Restoring profitability in life insurance
Profitability within the life insurance sector has been weakening for several years. A three-fold hit – first the financial crisis, then dropping interest rates and now sovereign debt unrest – has made it difficult for life insurance companies to turn a profit.
For now at least, as high-value old contracts lapse and low-value new contracts join the portfolio, insurers are pressed for profit. But there is no need to pronounce the life insur-ance market dead yet. The situation may be difficult, but it is by no means desperate. Profitability and value creation in the life insurance sector mainly come from the in-force, where old contracts generate most of the margins, not from new accounts where initial margins are low.

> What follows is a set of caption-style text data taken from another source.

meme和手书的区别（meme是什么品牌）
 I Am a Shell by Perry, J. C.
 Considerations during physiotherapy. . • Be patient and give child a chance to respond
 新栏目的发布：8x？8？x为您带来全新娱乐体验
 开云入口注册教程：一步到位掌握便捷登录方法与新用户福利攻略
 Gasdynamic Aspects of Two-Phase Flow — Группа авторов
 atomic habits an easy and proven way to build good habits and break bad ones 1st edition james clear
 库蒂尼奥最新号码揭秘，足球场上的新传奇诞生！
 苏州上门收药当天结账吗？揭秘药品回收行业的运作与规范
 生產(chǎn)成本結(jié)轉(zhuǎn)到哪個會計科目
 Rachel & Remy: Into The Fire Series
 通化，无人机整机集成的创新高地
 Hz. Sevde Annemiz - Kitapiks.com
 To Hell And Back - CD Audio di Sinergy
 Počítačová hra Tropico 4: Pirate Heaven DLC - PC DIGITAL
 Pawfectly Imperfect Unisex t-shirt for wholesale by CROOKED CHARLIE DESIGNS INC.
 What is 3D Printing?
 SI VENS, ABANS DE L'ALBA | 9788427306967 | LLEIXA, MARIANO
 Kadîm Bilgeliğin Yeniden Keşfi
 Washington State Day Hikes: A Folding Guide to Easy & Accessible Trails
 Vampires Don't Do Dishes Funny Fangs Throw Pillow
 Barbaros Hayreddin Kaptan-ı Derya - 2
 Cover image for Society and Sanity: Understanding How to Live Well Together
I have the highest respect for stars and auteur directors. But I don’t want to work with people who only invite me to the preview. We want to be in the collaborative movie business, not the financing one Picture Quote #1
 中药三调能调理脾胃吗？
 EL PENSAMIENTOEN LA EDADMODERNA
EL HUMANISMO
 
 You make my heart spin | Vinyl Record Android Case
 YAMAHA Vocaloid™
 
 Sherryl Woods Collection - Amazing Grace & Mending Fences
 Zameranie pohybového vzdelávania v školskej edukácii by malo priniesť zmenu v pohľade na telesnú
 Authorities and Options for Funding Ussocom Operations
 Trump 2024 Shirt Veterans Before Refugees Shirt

With EUR 5000 bn in reserves in play, and in this difficult economic landscape, more value can be created by optimizing them than by acquiring new contracts.
This figure alone demonstrates why insurers should place more and more attention on the profitability of their Portfolio policies. Strategies should be consistent with the market context, which is currently seeing low margins in a low return environment. As such, insurers should focus less on shuffling investments and resources (HR, sales and finance) towards new product and client development and more on working on their in-force. Accelerating and refocusing their attention on the in-force will not only rejuvenate in-force margins, it will also improve them: a 10 bp increase means EUR 5 bn in additional margins.